Antes de que nos fuéramos de Londres para vivir en el campo, había tomado algunas lecciones de escultura. Era una gran admiradora de ese arte, mucho más que de la pintura, y aspiraba a ser una escultora. Pronto me desilusioné: comprendí que ése no era mi destino, porque no tenía ojo para captar las formas. No sabía dibujar, así que tampoco podría esculpir. Había pensado que la escultura sería diferente, que el sentir y manejar la arcilla bastarían para crear la forma. Pero me di cuenta de que realmente no veía las cosas. Era como no tener oído para la música.
Compuse unas canciones, más que nada por vanidad, poniendo música a unos versos míos. Repasé de nuevo el vals que había compuesto y comprendí que en mi vida había escuchado nada tan banal. De todos modos, algunas canciones no era tan malas; uno de los versos de la serie de Pierrot y Arlequín me gustaba bastante. Deseaba saber armonía y algo de composición; no obstante, comprendí que la actividad más adecuada para expresarme era escribir.
Compuse una sombría obra de teatro, cuyo tema principal era el incesto. Todos los promotores teatrales la rechazaron con firmeza. «Un tema desagradable», decían. Resulta curioso que, en nuestros días, ése sería precisamente el tipo de obra que atraería a los empresarios.
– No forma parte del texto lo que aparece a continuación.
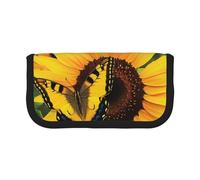 MKNAZ Butterfly Blooming Sunflower Plants Flowers Printed Canvas Pencil Case Large Capacity Pen Pouch Stationery Organiser, Makeup Cosmetic Bag for School Office Travel, Student Gifts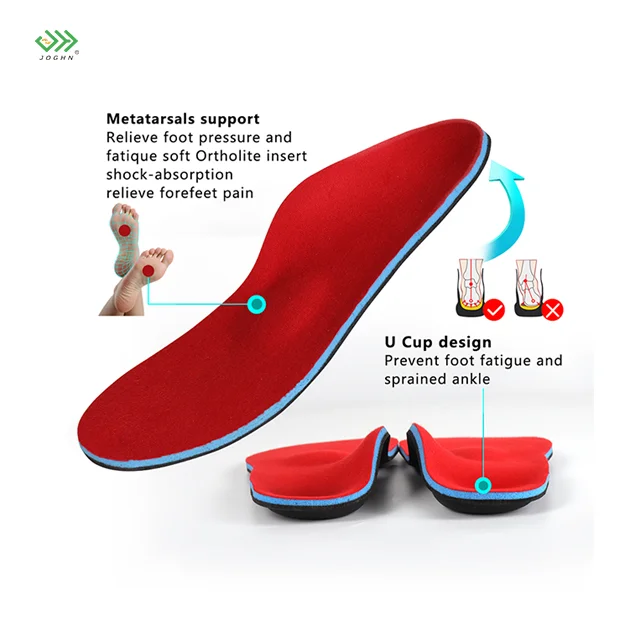 JOGHN Orthotic Shock Absorption  Insoles for Serious Flat Foot Low Arch Support Plantar Fasciitis Arch Support Insoles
Escribí también una otra de teatro histórica sobre Akenatón. Me gustaba muchísimo. John Gielgud, más tarde, tuvo la amabilidad de criticármela. Me dijo que tenía puntos interesantes, pero que su montaje resultaba demasiado caro y que no tenía la suficiente dosis de humor. No había relacionado el humor con Akenatón, pero vi que estaba equivocada. Egipto tenía tantas posibilidades humorísticas como cualquier otro tema; hasta la tragedia tiene su punto de humor también.